United Airlines: Domestic Demand ‘Strong,’ Reveals Risk of Continued War
Skift Take
United Airlines on Tuesday reported “strong and steady domestic demand” and profits for key international markets at “record highs.” But it also broke out the potential business impact of a continuation of the Israel-Hamas war.
Overall revenue in the third quarter rose 12.5%, with domestic revenue up 8.7%. “Domestic revenues in the quarter were second highest all-time and the domestic system remains solidly profitable,” the company said.
The airline’s international passenger revenues were up 23.6% year-over-year.
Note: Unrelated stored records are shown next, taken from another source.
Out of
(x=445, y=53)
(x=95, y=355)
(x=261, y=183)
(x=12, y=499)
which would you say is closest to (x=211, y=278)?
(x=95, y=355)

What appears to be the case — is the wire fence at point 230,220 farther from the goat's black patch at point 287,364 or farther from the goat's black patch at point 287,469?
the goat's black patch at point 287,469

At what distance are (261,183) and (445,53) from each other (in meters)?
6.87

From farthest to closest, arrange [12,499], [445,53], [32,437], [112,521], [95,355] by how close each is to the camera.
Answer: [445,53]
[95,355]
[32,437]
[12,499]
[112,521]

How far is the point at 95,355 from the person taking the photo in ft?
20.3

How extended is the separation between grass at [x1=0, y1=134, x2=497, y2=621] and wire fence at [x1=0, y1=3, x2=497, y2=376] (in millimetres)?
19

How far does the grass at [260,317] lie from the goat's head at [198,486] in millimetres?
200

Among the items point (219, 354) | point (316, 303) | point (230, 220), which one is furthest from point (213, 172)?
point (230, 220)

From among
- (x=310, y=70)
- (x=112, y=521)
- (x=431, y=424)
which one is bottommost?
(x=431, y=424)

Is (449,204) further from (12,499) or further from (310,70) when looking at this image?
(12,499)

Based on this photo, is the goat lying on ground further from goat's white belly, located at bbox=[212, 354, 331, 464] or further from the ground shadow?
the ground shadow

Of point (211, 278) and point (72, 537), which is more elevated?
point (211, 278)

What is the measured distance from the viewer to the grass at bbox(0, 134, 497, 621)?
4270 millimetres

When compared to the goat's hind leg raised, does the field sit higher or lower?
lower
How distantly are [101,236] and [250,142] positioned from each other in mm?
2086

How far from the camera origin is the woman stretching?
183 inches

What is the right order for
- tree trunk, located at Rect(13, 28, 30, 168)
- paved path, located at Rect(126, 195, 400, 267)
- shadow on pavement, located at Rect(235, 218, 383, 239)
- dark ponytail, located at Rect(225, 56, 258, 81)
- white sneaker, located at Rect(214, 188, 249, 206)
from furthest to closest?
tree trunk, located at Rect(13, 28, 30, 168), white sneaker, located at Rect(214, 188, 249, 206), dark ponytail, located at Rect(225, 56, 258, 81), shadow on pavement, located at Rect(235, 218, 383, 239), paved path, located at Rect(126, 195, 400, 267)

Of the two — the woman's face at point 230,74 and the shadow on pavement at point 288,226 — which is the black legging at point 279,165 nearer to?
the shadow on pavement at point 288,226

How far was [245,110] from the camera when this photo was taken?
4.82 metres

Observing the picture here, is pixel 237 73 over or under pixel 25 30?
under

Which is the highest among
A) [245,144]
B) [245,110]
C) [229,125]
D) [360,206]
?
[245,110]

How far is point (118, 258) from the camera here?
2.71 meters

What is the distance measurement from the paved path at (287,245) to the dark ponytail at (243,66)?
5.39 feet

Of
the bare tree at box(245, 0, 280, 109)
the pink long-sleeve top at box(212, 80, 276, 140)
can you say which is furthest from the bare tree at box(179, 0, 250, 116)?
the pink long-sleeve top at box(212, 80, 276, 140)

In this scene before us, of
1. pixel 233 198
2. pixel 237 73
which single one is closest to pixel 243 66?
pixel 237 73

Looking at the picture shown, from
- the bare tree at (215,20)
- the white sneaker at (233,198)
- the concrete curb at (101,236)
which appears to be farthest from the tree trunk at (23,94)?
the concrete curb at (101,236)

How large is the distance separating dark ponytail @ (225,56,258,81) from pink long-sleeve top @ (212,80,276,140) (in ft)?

United, which has suspended flights to Tel Aviv, said a continuation of the war in Israel would reduce its forecast for revenue and earnings.
If flights resume after October, the airline said it expects to earn about $1.80 per share in the fourth quarter. If the war continues and flights are suspended for the rest of the year, earnings could drop to $1.50 per share.
Revenue growth would drop to about 9% if the war continues – down from 10.5% if suspensions last only through October.
Regardless of the length of the war, United is expecting its average aircraft fuel price per gallon to be $3.28 in the fourth quarter, up from $2.95 in the third quarter. United updated its third-quarter guidance in September to reflect a more than 20% rise in fuel prices since mid-July.